Este nado a contracorriente también le sucede tanto a Ane (Patricia López Arnaiz) como a Lucía (la pequeña Sofía Otero, premiada en el Festival de Berlín), madre e hija en “20.000 especies de abejas” (2023), cuando se enfrentan a miradas ajenas. En su nueva película, Urresola traspasa otro viaje familiar desde la vida independiente en la ciudad a la compartición del mundo rural.
Aprovechando las vacaciones, Ane decide marcharse con sus hijos a la villa donde viven su madre y su tía apicultora, Lourdes (Ane Gabarain). Regresa con la intención de trabajar en el viejo taller de escultura de su padre para presentar un trabajo que podría cambiar su trayectoria profesional, pero también le sirve de cobijo después de una crisis de pareja. Lucía, por su parte, se pasa el verano acompañando a su tía a cuidar de las abejas o jugando en el río con una amiga. La gran preocupación de la niña, sin embargo, asoma cuando se mira en el espejo y no se reconoce de la misma manera que lo hacen las personas que la llaman Aitor.
Temas de identidad transexual y reconocimiento del cuerpo a la temprana edad de ocho años se desvelan en la ópera prima de Urresola con la misma naturalidad que define al reparto consolidado por las distintas generaciones de mujeres. No falta representación de conservadoras y liberales en el debate, pero la mayor de las veces la fotografía de Gina Ferrer se centra en las reacciones de Lucía en un mundo de adultos.
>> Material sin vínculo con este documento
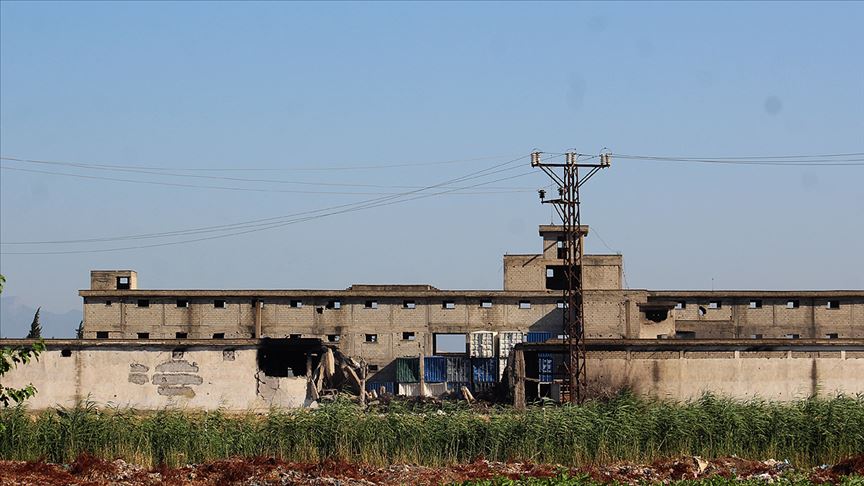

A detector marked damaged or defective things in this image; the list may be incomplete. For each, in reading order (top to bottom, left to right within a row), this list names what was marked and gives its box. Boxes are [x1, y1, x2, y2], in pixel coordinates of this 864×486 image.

damaged concrete building [3, 225, 860, 410]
Un mundo, por cierto, desarrollado en plena naturaleza, donde Lucía no solo explora las condiciones físicas y sociales de su cuerpo, sino donde también puede dar rienda suelta a su curiosidad, en un lugar boscoso en el que todo está por descubrir. Circunscrita a esa “escuela Alcarràs” que define una nueva corriente del cine español, Urresola justifica su desplazamiento de la urbe al campo con la detallada mirada sobre las distintas disciplinas que remiten a una tradicional manualidad, unos cuidados personales y una identidad familiar. Por un lado, la escultura, con todas esas figuras anatómicas con las que tanto madre como hija se permiten moldear una vida sin géneros ni imposiciones sociales. Y por otro, la apicultura, donde los repetidos panales plasman la alegoría con un sistema patriarcal y tradicional, pero funcional.
Urresola traza con respeto las contradicciones sobre la aceptación de lo diferente en el seno familiar, pero también incorpora varios motivos intencionados que demarcan directamente una crítica social, educativa e incluso religiosa. La fe cristiana, presente de un modo u otro en la vida de la abuela y la tía de Lucía, pasa de puntillas sin calar demasiado sobre la identidad de la joven, quien decide elegir su propio imaginario divino y darle forma con el barro de su madre.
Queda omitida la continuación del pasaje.